Task to carry out:
The listing beneath should be written out in full, exactly as shown.

= Beginning of Section =

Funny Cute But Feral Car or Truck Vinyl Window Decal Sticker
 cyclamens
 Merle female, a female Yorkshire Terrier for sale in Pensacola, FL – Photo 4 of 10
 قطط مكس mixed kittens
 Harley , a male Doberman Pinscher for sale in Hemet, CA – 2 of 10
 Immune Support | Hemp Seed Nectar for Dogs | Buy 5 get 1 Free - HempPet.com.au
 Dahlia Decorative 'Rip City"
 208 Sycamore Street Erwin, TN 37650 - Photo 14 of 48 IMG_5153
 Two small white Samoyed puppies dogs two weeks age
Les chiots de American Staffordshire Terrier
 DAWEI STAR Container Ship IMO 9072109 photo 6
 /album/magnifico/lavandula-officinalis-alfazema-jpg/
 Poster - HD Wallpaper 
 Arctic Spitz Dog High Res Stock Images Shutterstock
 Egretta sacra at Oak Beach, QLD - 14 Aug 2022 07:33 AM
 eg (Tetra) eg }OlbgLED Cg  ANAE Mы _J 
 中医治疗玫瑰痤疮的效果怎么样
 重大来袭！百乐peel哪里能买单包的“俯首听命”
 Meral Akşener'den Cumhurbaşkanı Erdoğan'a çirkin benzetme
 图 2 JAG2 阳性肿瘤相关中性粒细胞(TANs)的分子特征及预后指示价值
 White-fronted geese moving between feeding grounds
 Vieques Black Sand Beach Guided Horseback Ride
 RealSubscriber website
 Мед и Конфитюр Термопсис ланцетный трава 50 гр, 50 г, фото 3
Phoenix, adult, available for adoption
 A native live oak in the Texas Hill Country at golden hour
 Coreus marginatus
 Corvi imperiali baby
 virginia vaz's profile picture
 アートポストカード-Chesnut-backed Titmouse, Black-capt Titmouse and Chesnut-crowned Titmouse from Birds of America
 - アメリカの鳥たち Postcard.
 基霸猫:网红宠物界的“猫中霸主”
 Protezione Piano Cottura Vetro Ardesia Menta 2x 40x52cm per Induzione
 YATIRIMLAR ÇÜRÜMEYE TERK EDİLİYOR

= End of Section =

Finished task:
Funny Cute But Feral Car or Truck Vinyl Window Decal Sticker
 cyclamens
 Merle female, a female Yorkshire Terrier for sale in Pensacola, FL – Photo 4 of 10
 قطط مكس mixed kittens
 Harley , a male Doberman Pinscher for sale in Hemet, CA – 2 of 10
 Immune Support | Hemp Seed Nectar for Dogs | Buy 5 get 1 Free - HempPet.com.au
 Dahlia Decorative 'Rip City"
 208 Sycamore Street Erwin, TN 37650 - Photo 14 of 48 IMG_5153
 Two small white Samoyed puppies dogs two weeks age
Les chiots de American Staffordshire Terrier
 DAWEI STAR Container Ship IMO 9072109 photo 6
 /album/magnifico/lavandula-officinalis-alfazema-jpg/
 Poster - HD Wallpaper 
 Arctic Spitz Dog High Res Stock Images Shutterstock
 Egretta sacra at Oak Beach, QLD - 14 Aug 2022 07:33 AM
 eg (Tetra) eg }OlbgLED Cg  ANAE Mы _J 
 中医治疗玫瑰痤疮的效果怎么样
 重大来袭！百乐peel哪里能买单包的“俯首听命”
 Meral Akşener'den Cumhurbaşkanı Erdoğan'a çirkin benzetme
 图 2 JAG2 阳性肿瘤相关中性粒细胞(TANs)的分子特征及预后指示价值
 White-fronted geese moving between feeding grounds
 Vieques Black Sand Beach Guided Horseback Ride
 RealSubscriber website
 Мед и Конфитюр Термопсис ланцетный трава 50 гр, 50 г, фото 3
Phoenix, adult, available for adoption
 A native live oak in the Texas Hill Country at golden hour
 Coreus marginatus
 Corvi imperiali baby
 virginia vaz's profile picture
 アートポストカード-Chesnut-backed Titmouse, Black-capt Titmouse and Chesnut-crowned Titmouse from Birds of America
 - アメリカの鳥たち Postcard.
 基霸猫:网红宠物界的“猫中霸主”
 Protezione Piano Cottura Vetro Ardesia Menta 2x 40x52cm per Induzione
 YATIRIMLAR ÇÜRÜMEYE TERK EDİLİYOR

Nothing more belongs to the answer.